Didi's fears, while realistic, proved unfounded. Tessie responded wonderfully well to the oldest remedy in the book - a little old-fashioned TLC. She got on well with the other dogs at the house, particularly a Toy Chihuahua called Laptop. To keep her immobile she lived in a small crate which she couldn't climb out of. An Intelligent as well as affectionate little girl, she quickly learned to signal her toilet needs by barking - and sometimes just when she wanted a change of scene! - but quietened down immediately on being told to stop. As her recovery progressed she began to take her boredom out by chewing the bedding, but this was quickly solved by giving her chews and interactive toys to play with.
After six weeks Ellen pronounced Tessie fit enough to move to the next stage - the gradual strengthening of the wasted muscles by a programme of carefully-controlled exercise.

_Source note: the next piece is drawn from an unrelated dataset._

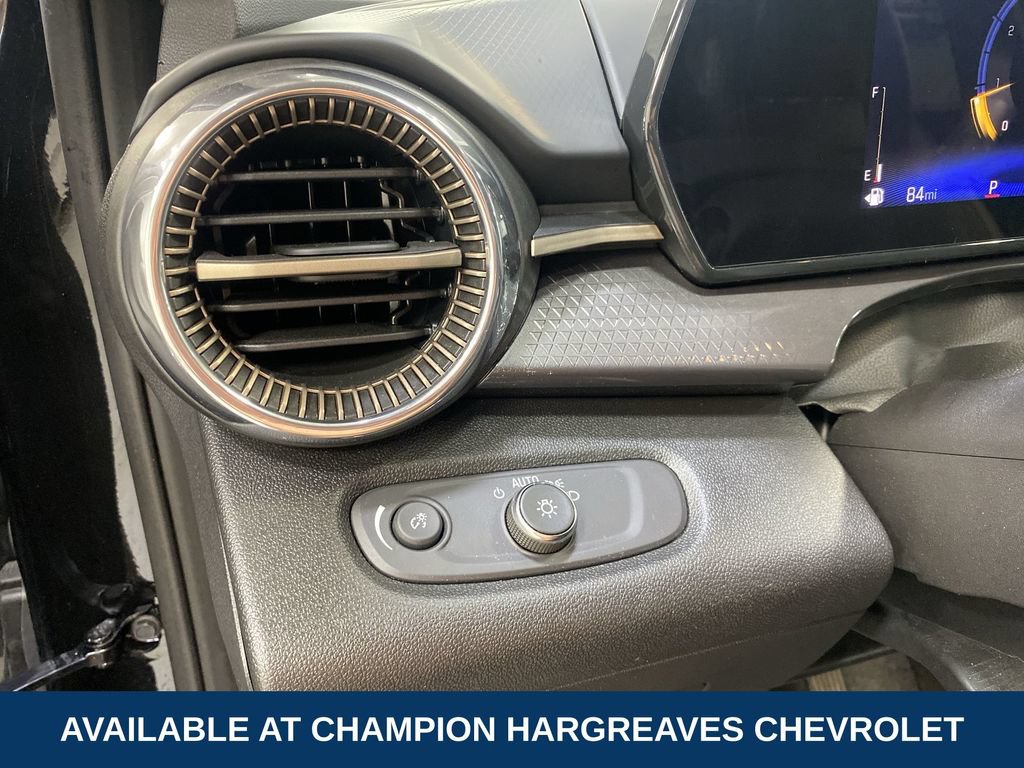 Used 2025 Chevrolet Trax ACTIV w/ Driver Confidence Package FWD image 23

She cannot walk far, and cannot step over ledges or go up and down stairs. but she has begun regular walking in a harness to give her full support rather than a collar lead. PAWS had done everything in its power to help Tessie, so she was cleared for a closely-monitored 'special needs' adoption. All that was needed now was the right owner and the right home.
Enter Bonita Peatson who lives in Alicante. Bonita saw Tessie's story on the PAWS website and thought that she was up to the task of owning a special needs dog. So she immediately contacted PAWS and drove all the way down to meet the adoption councillors and Tessie herself.

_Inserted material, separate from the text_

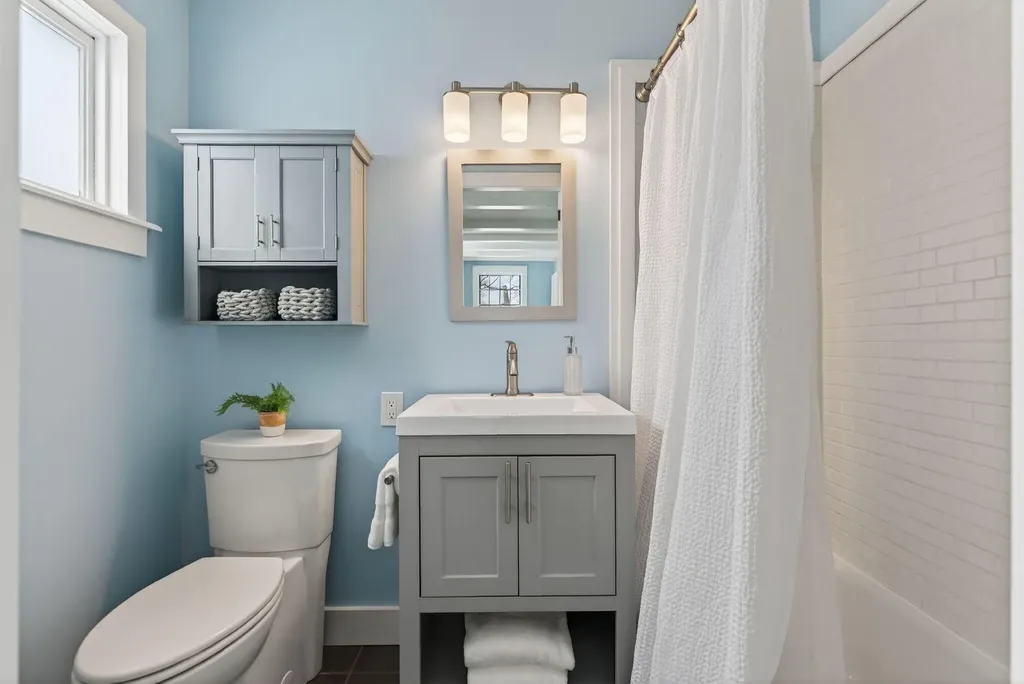 1157 Shore Road Cape Elizabeth ME 04107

After a thorough and fruitful discussion Bonita was considered the perfect candidate to adopt this special dog. The paperwork was completed, and Tessie left the shelter for the final time. She not only went to a new home - she arrived with a new name ... Pixie. She also gained a new companion in Gus - although Gus didn't seem too thrilled at first. He had previously been Bonita's only dog, and didn't fancy no longer being the sole centre of attention!
As Tessie she had charmed the socks of everyone at PAWS with her unruffled and amiable nature. It was no different with her Pixie hat on. She clearly thought Gus was wonderful so she set to work weaving her special magic over him, and in no time at all Gus decided she might not be so bad after all!
Gus (left) and Tessie/Pixie, now the best of friends.
"I can´t imagine life without her now," says Bonita. "She has settled in really well. Pixie loves her walks and gets very excited when the lead comes out. She enjoys going to the horse rescue sanctuary where I volunteer and where she gets to meet many new friends, both of the human and four-legged variety."
Tessie's remarkable recovery has not been achieved by expensive treatment in a medical facility - it has been through skilled care and unlimited kindness, and by Tessie's own amiable nature and a real determination to repond.The same is true of so many of the dogs PAWS deals with. As Lonneke, one of our volunteers visiting from abroad remarked: "It is almost unbelievable that animals so damaged by cruelty, neglect and abandonment can still be so confident, and give so much love back when you care for them."